While Jobbik got into parliament on rhetoric vilifying the Roma, Fidesz grabbed a two-thirds majority on promises of a million new jobs in 10 years and a return of public safety in two weeks.

However, Fidesz has struggled to boost the economy and has yet to bring unemployment lower.

Meanwhile, Jobbik continues playing the Roma card. Its vigilantes held a rally in a conflict-ridden village in northern Hungary earlier this month where 2,000 people, many in black uniform, marched through the Roma settlement on the outskirts.

"Had we not ordered police to critical scenes in significant numbers, ugly things could have happened," Prime Minister Viktor Orban said afterwards.

In Hajduhadhaz, Roma say the vigilantes only add oil to the flames, and promised they would not back down.

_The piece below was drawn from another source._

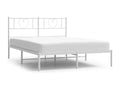Metal bed frame without mattress and white headboard 150x200 cm LONS62162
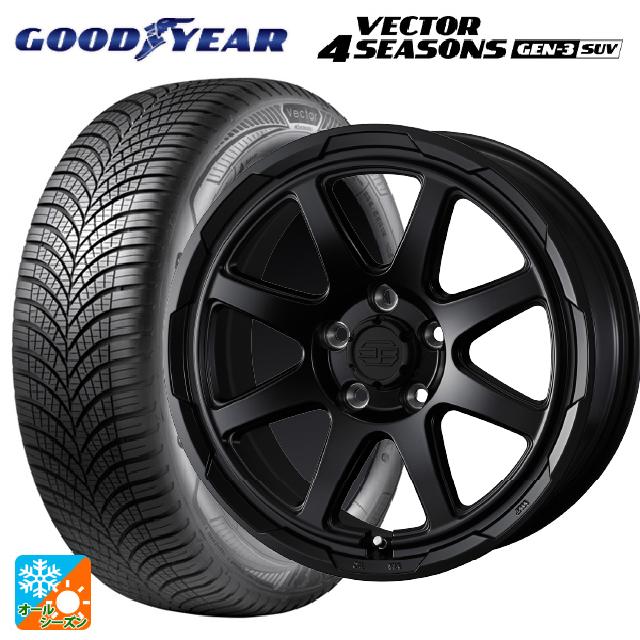 2024年製 225/65R17 106V XL グッドイヤー ベクター4シーズンズ ジェン3 SUV # ウェッズ ウェッズ アドヴェンチャー スタットベルグ # セミマットブラック 17-7J 国産車用 オールシーズンタイヤホイール4本セット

"They have not dared come to these areas yet," Bernath said, speaking near a litter-strewn shanty town where a few brick houses stood among a scattering of adobe shacks and makeshift huts with walls made of blankets cast on wooden poles.

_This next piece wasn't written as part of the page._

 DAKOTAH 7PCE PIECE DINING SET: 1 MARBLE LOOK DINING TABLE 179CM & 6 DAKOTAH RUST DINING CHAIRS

"If the vigilantes don't escalate this, we won't either. If they declare war on us, I will declare war on them, too."

Csafordi, elected mayor in October, said the local Roma were isolated, impoverished and that unemployment will take years to erase.

"I believe the country, like our town, cannot afford pseudo measures any more," he said. "We need to do more than trying to be popular. We need to dig down to the root of the problem."


The government says it plans to boost public employment again, but welfare benefits will be linked to work.

"The only way to get welfare will be through work," Mihaly Varga, state secretary of the Prime Minister's Office, told state radio.

Peter Kreko, an analyst for the research firm Political Capital, rejected this approach.

"There is no way public works projects alone can employ all these people," he said.

He warned that in a worst-case scenario, Hungary's Roma could end up in revolt, much like Slovakia's Roma revolted in 2004 when government measures stripped them of aid with few alternatives and they broke into stores in search for food.

"Of course, it's not automatic, it needs an ideological catalyst, which is a given now because of Jobbik," Kreko said.

"All we need then is a spark for the mix to explode."